Known to her readers under the mysterious pen name Anodos (a Greek word meaning "pathless" or "wandering upward"), Coleridge possessed that rare gift of capturing the garden's most fleeting moments in verse.
As the great-grandniece of Samuel Taylor Coleridge, she carried forward her family's legacy of literary excellence while cultivating her own unique voice.
For those of us who tend to our gardens with devotion, her poem September resonates with particular poignancy, capturing that bittersweet moment when summer's vibrant display begins to fade:
Now every day the bracken browner grows,
Even the purple stars
Of clematis, that shone about the bars,
Grow browner; and the little autumn rose
Dons, for her rosy gown,
Sad weeds of brown.
How many of us have witnessed this very transformation in our own gardens?
The clematis, those "purple stars" that so valiantly climbed our trellises through summer, now surrender to autumn's earthen palette.

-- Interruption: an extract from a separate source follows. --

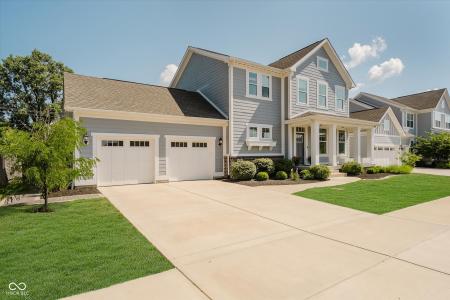 1636 Birchfield Drive, Westfield, Indiana 46074, États-Unis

Yet Coleridge's gardener's eye extends beyond mere observation to capture the delicate dance between flora and fauna:
Now falls the eve; and ere the morning sun,
Many a flower her sweet life will have lost,
Slain by the bitter frost,
Who slays the butterflies also, one by one,
The tiny beasts
That go about their business and their feasts.
For those seeking joy amid autumn's melancholy, Coleridge offers us Gibberish, a whimsical celebration of garden enchantment:
Many a flower have I seen blossom,
Many a bird for me will sing.
Never heard I so sweet a singer,
Never saw I so fair a thing.
She is a bird, a bird that blossoms,
She is a flower, a flower that sings;
And I a flower when I behold her,
And when I hear her, I have wings.
As we tend to our autumn gardens, deadheading the last roses and preparing our beds for winter's slumber, let us carry forward Coleridge's gift for finding magic in the changing seasons.
For is that not what we gardeners do best - nurture beauty even as nature prepares for rest?